Problem: Write out, word for word and with no pictures, each line below from the one containing "kitchen featuring light" through the one containing "Custom Letter Bracelet", both included, and no other line.
== Data to use ==
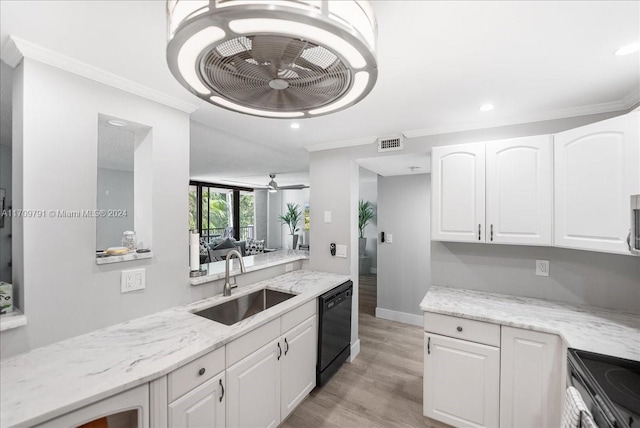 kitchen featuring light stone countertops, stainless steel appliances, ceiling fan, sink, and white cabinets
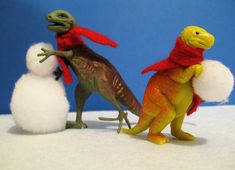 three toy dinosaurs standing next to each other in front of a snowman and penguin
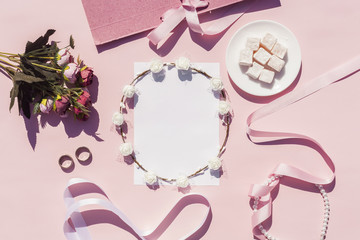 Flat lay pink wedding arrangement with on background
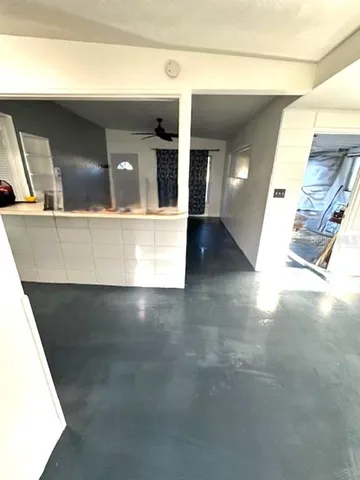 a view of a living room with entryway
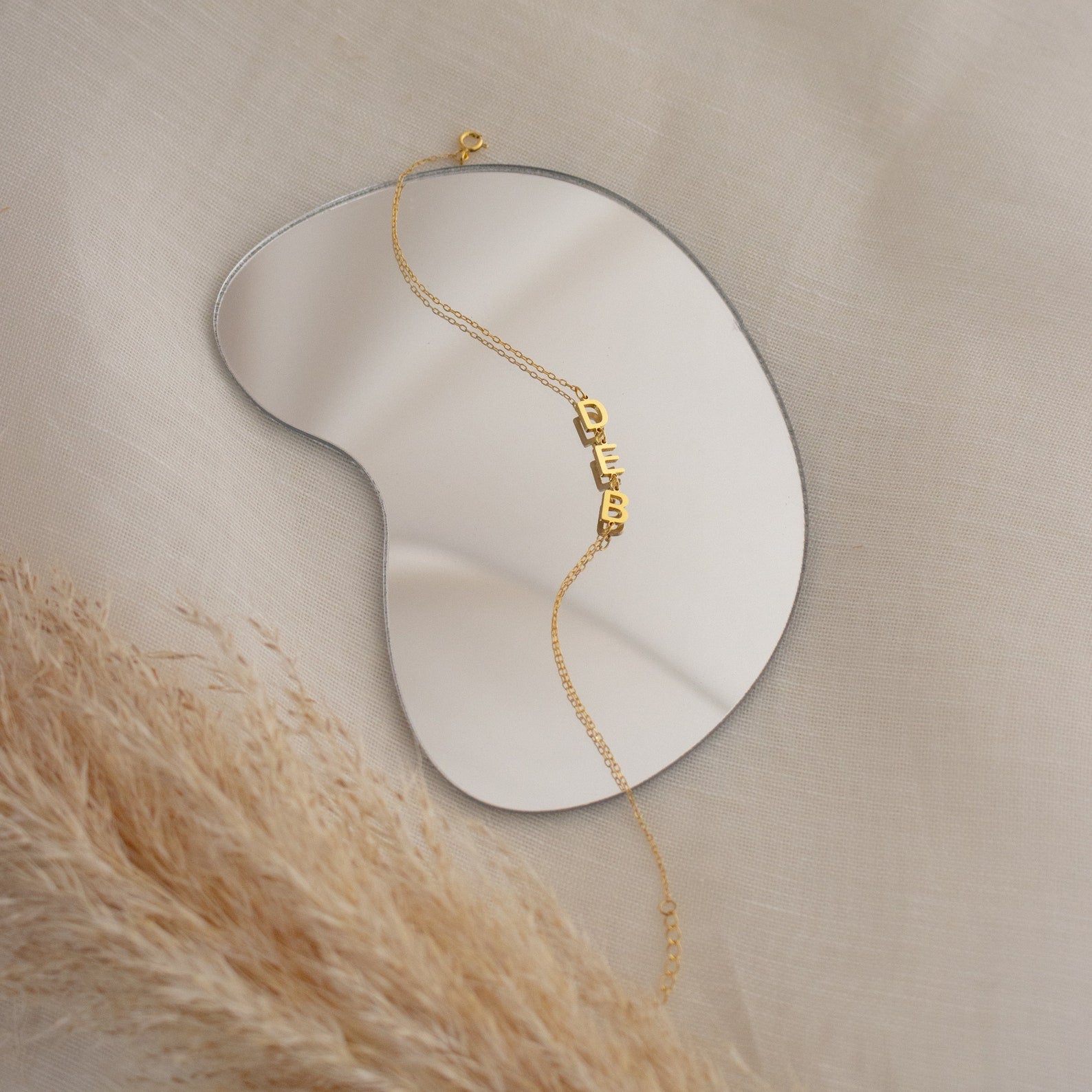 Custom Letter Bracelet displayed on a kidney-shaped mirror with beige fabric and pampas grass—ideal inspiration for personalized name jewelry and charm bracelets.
===
== Data to use ==
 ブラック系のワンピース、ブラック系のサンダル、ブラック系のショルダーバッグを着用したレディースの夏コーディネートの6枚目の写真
===
== Data to use ==
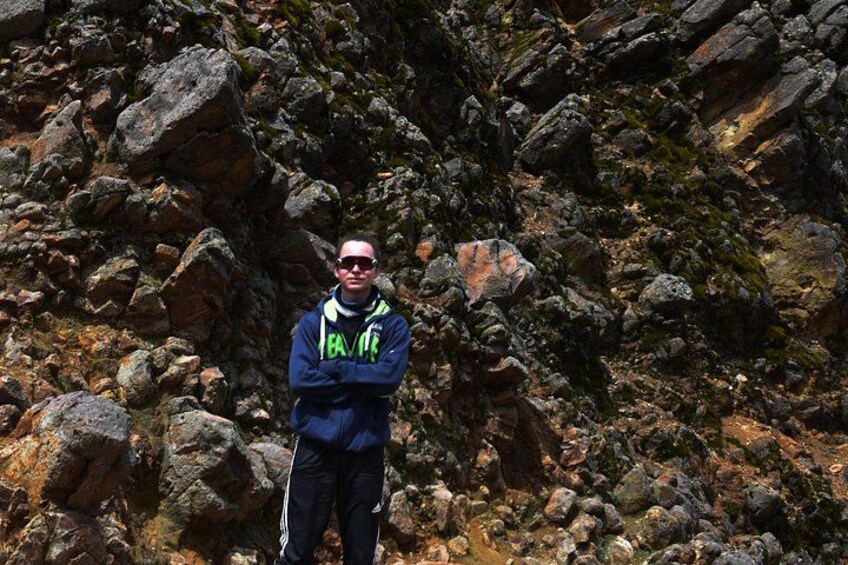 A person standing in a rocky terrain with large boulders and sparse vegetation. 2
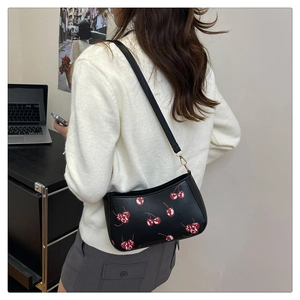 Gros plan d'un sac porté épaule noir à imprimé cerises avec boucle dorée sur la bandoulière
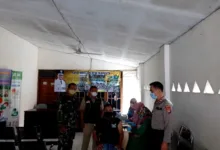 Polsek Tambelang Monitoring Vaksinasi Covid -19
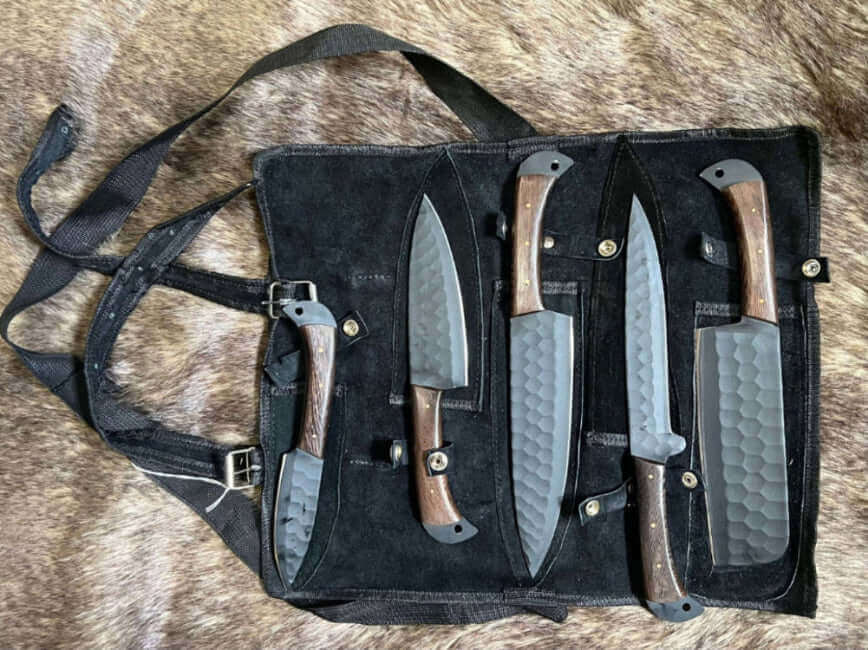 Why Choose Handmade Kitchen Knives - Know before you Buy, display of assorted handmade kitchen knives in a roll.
===
Response to this exercise:
 kitchen featuring light stone countertops, stainless steel appliances, ceiling fan, sink, and white cabinets
 three toy dinosaurs standing next to each other in front of a snowman and penguin
 Flat lay pink wedding arrangement with on background
 a view of a living room with entryway
 Custom Letter Bracelet displayed on a kidney-shaped mirror with beige fabric and pampas grass—ideal inspiration for personalized name jewelry and charm bracelets.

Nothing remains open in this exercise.